Search code examples
amazon-web-servicesamazon-emrspark-avro

Bootstrapping spark-avro jar to Amazon EMR cluster


I want to read avro files located in Amazon S3 from the Zeppelin notebook. I understand Databricks has a wonderful package for it spark-avro. What are the steps that I need to take in order to bootstrap this jar file to my cluster and make it working?

When I write this in my notebook, val df = sqlContext.read.avro("s3n://path_to_avro_files_in_one_bucket/")

I get the below error - <console>:34: error: value avro is not a member of org.apache.spark.sql.DataFrameReader

I have had a look at this. I guess the solution posted there does not work for the latest version of Amazon EMR.

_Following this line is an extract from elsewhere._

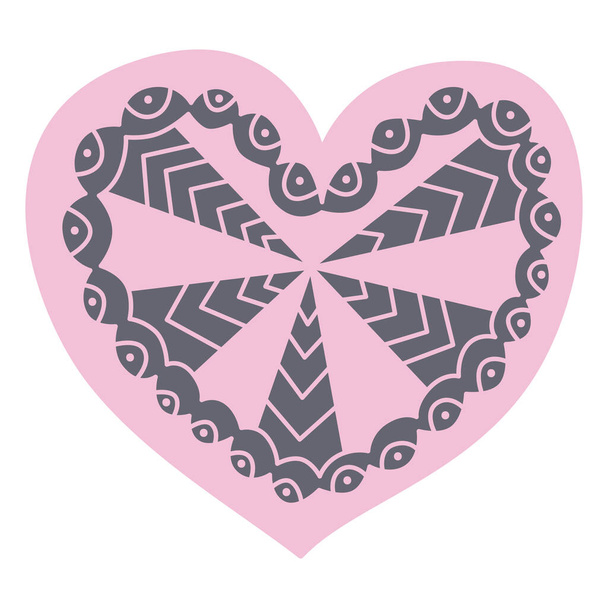 Coeur décoratif créé dans un style élégant et tendance Coeur avec ornement Illustration vectorielle isolée sur blanc - Vecteur, image
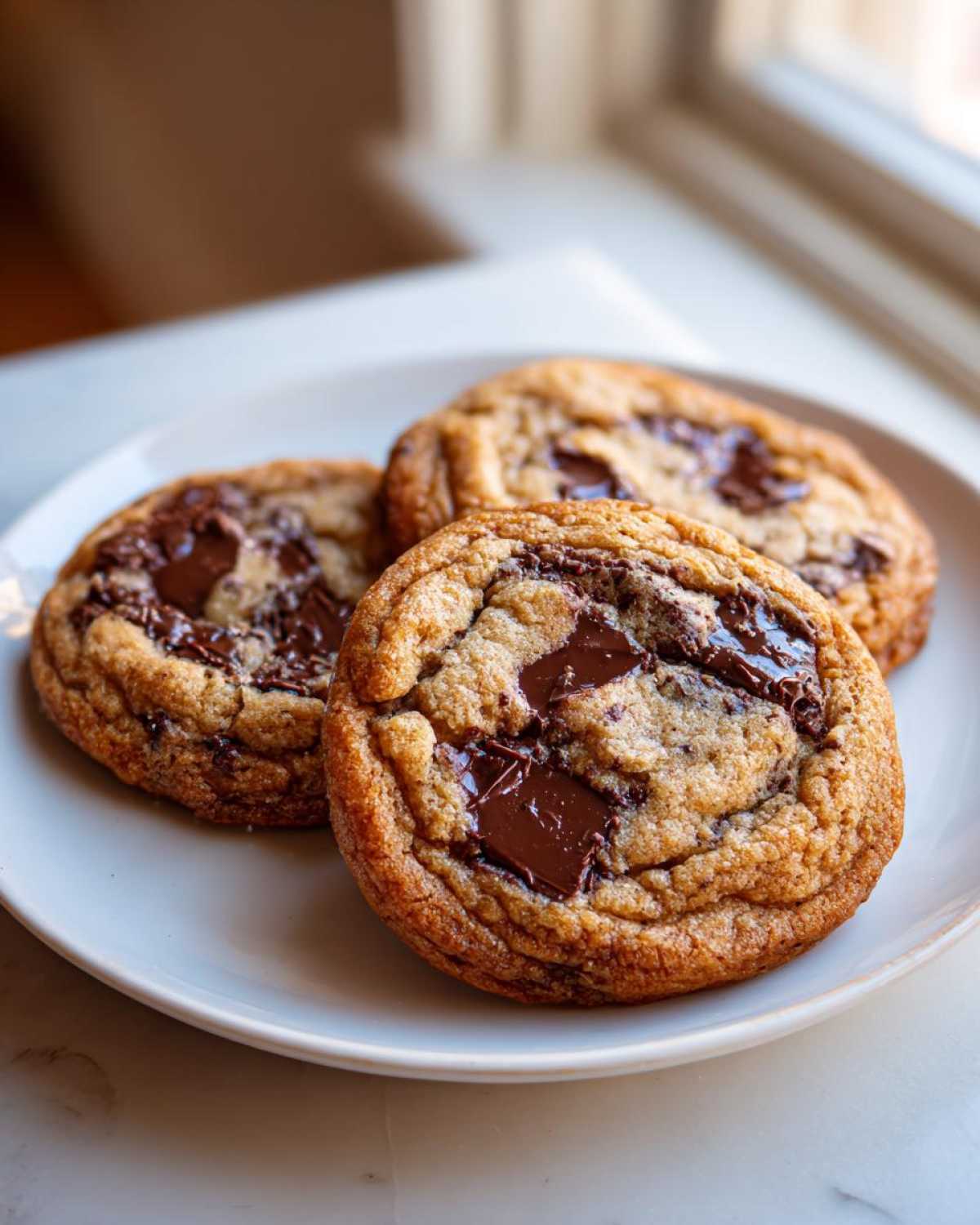 Three perfectly baked Brown Butter Chocolate Chip Cookies stacked on a white plate, featuring melted chocolate chunks.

If someone could give me pointers, that would really help.


Solution

  • Here is how I associate the spark-avro dependencies. This method works for associating any other dependencies to spark.

    1. Make sure your spark version is compatible with your spark-avro. You'll find the details of the dependencies here.

    2. I put my spark-avro file in my S3 bucket. You can use hdfs or any other store.

    3. While launching an EMR cluster, add the following JSON in the configuration, [{"classification":"spark-defaults", "properties":{"spark.files":"/path_to_spark-avro_jar_file", "spark.jars":"/path_to_spark-avro_jar_file"}, "configurations":[]}]

    This is not the only way to do this. Please refer this link for more details.